1- Les 3 raisons du LBO de Fleet : créer un différentiel actionnarial entre cofondateurs, constituer un board et offrir un « cash out » à une partie des équipes

2- Le LBO : un outil méconnu mais utile pour se dérisquer en tant que CEO tout en conservant les manettes (dans le cas des boîtes rentables)

3- Les levées de fonds : un cheminement classique… mais plus automatique > Fleet s’est autofinancée car elle a été rentable dès le début

Bonjour Sevan. Fleet vient d’ouvrir son capital à ISAI Expansion. Pourquoi cette opération de LBO ?

Sevan Marian : Il y a trois raisons principales. La première, c’est une volonté de créer un différentiel actionnarial entre mon associé, Alexandre Berriche, et moi. 

Pour rappel, nous avons créé Fleet ensemble en 2019, à 50-50, après notre rencontre chez Jumia (NDLR : l’adaptation d’Amazon en Afrique par Rocket Internet). Lui était CEO, moi COO. La boîte se développe rapidement, on recrute progressivement une belle ligne de management (VP produit, engineering, sales, finance, operations…) et, en parallèle, Alexandre devient “scout” pour le fonds américain Sequoia Capital. 

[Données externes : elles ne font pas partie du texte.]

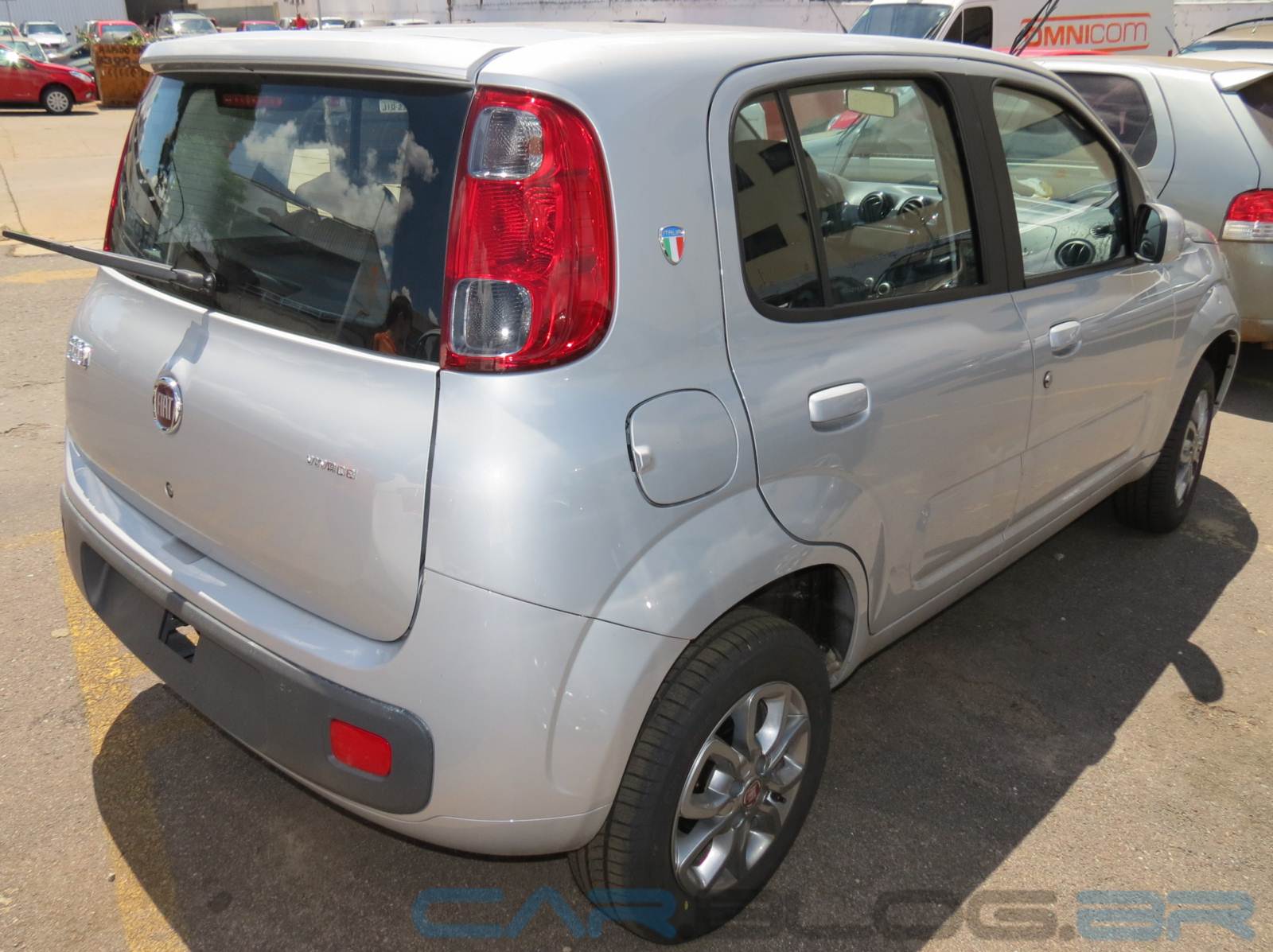 Uno Vivace com AirBag e ABS de série tem preço a partir de R 26.260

Son activité de business angel ne lui permettant plus d’être à 100% sur Fleet, on décide en 2024 d’entamer une transition de co-CEO ensemble. On voit que ça marche bien : on fait 60 % puis 92 % de croissance sur ces deux dernières années. Je deviens alors seul CEO et Alexandre prend un peu de recul opérationnel pour devenir président exécutif. 

Pour entamer un nouveau cycle de développement de Fleet, on se dit que c’est le bon moment pour faire entrer un investisseur, qui va permettre à Alex de vendre un peu plus de parts que moi et donc de mieux refléter, d’un point de vue actionnarial, que c’est plutôt moi qui dirige la boîte au quotidien aujourd’hui.

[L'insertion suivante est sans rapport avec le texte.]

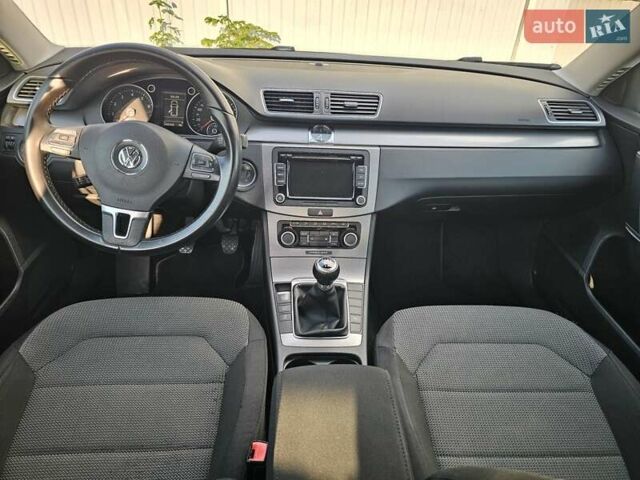 Чорний Фольксваген Пассат, об'ємом двигуна 1.8 л та пробігом 200 тис. км за 8900 $, фото 4 на Automoto.ua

Fleet en quelques chiffres 

– Création en avril 2019
– 0 levée de fonds (entièrement bootstrap)
– 45 salariés entre Paris et Barcelone
– Près de 2 000 clients (dont Lovable par exemple)
– 30 M€ de chiffres d’affaires (92 % de croissance en 2025)
– Activité dans une dizaine de pays en Europe et aux Etats-Unis

Quelles sont les deux autres raisons ?

Sevan Marian : La deuxième, c’est d’avoir un board afin de nous aider à nous structurer et à nous professionnaliser. La boîte commence à devenir assez grosse (45 salariés) et il y a probablement beaucoup de choses qu’on ne fait pas bien aujourd’hui.

Enfin, la dernière raison, c’est de permettre aux employés qui avaient des BSPCE de réaliser un beau « cash out ». Le succès d’une entreprise tient avant tout à ses talents. Cette opération envoie ainsi un bon message en interne comme en externe.

Ces dernières années, l’image des BSPCE a un peu souffert dans la French Tech, avec beaucoup de monnaies de singe. Là, il s’agit d’une belle histoire avec un pool de plusieurs millions d’euros distribués aux équipes.

Est-ce que tout le monde avait des BSPCE chez Fleet ?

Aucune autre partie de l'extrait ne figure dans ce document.